One of the most powerful tools to help shift a relationship comes by changing the way we look at our partner and our relationship.
There is a great quote by Abraham Lincoln that goes, “When you look for the bad in mankind expecting to find it, you surely will.” The opposite is true too. When you start to look for the best in your partner and expect to find it, you will!
You can feel whatever you want in your relationship and you can start right now.
1. Keep a daily list of things you love about your partner. You can use things you currently love about them or things you’ve loved about them in the past. Really commit to writing as many things as you can, at least once per day.
2. Look for opportunities to point out the positives about your partner and your relationship. Let your partner know what you love and appreciate about them. Feel free to share with others too. The more we talk about and focus on things we love, the easier it becomes to see them.
3. Do something special for yourself that helps you feel more loving. Step outside your day-to-day routine and do something special just for you or maybe something for the two of you. Doing something a little out of the ordinary can help us shake things up a little and make it easier to see things a little differently.
4. Notice all the wonderful things in your life. Whether you focus on your relationship or other aspects of your life, feeling good attracts more good feelings. Enjoy and celebrate all the great aspects of your life.
Note: If you are really struggling in your relationship and doing these things just makes you feel bad, then only do #4. If you are single, imagine all the qualities you want in a partner and believe you will find.

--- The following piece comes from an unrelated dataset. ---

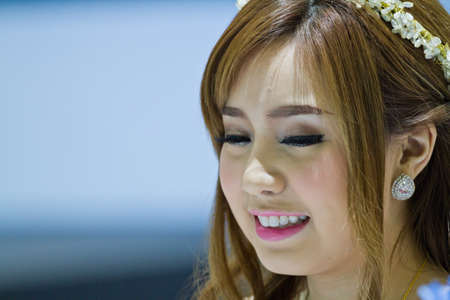 BANGKOK - AUGUST 17 : Unidentified pretty girls display on KAWASAKI at The 35th Bangkok International Motor Show 2014 on AUGUST 17, 2014 in Bangkok, Thailand.のeditorial素材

Making a conscious effort to focus on what you love and what feels good is a great way to shift your perspective and create more of the kind of relationship you want. Small changes can have big impact.
Lovely post. I particularly like the note, a good reminder to focus on *whatever* is good in our lives.
Thanks, Natalia. I find that in writing the blog, I am reminding myself exactly what I need to be reminded of!
I like what you wrote LJ…I believe that as a couple we do not need to make a list. However we tell each other every day that we love each other. We express our gratitude on our partner when they do something kind, we tell each other how we feel and how they make us feel. Affirmation and Affection is what we bring to each other. Everyday we do this as it is important to us. I thank god everyday for my partner.
Thanks for your insight and comments, Jav.
I agree that doing these things daily is very important in a relationship.
It is certainly much easier when we are happy and loving each other and you’ve mentioned some great ways to keep on that track.
You have a great partner…and she obviously has a great one too!